Saya berkeyakinan, memperluas radius pergaulan itu sangat penting. Karena kita bisa belajar dari berbagai perspektif, cara pandang, dan pemikiran orang lain. Dengan begitu kita melihat persoalan lebih arif, jernih, dan bening.
Ketika mahasiswa, saya yang aktig di Ikatan Mahasiswa Muhammadiyah (IMM) biasa berbaul dengan aktivis mahasiswa lain seperti Pergerakan Mahasiswa Islam Indonesia (PMII), Gerakan Mahasiswa Nasional Indonesia (GMNI), dan Perhimpunan Mahasiswa Katolik Republik Indonesia (PMKRI).

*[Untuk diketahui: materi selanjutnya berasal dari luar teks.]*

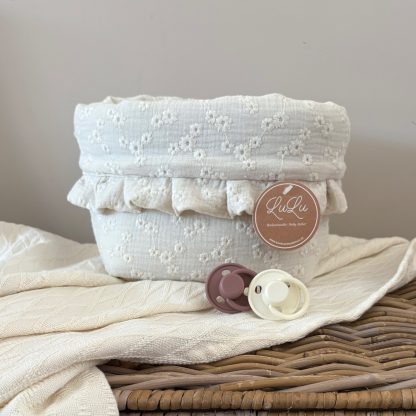 Commodemandje Broderie beige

Setelah lulus dan aktif di Muhammadiyah, kebiasaan saya bergaul dengan banyak orang tak berhenti. Bukan hanya dengan mereka yang berbeda keyakinan, tapi juga yang berbeda afiliasi.
Ketika masih meliput di lapangan, saya bisa mewawancarai dan berbincang akrab dengan tokoh-tokoh NU. Seperti KH Hasyim Muzadi. Kiai Hasyim, saat masih menjadi ketua PBNU, sangat ramah ketika diajak wawancarai.
Juga dengan Prof. Dr. Ali Maschan Moesa. Ketika menjabat Ketua PWNU Jatim, saya pernah berbincang berjam-jam di rumahnya. Pernah tak sengaja kami di warung nasi bebek, di sana kami ngobrol gayeng.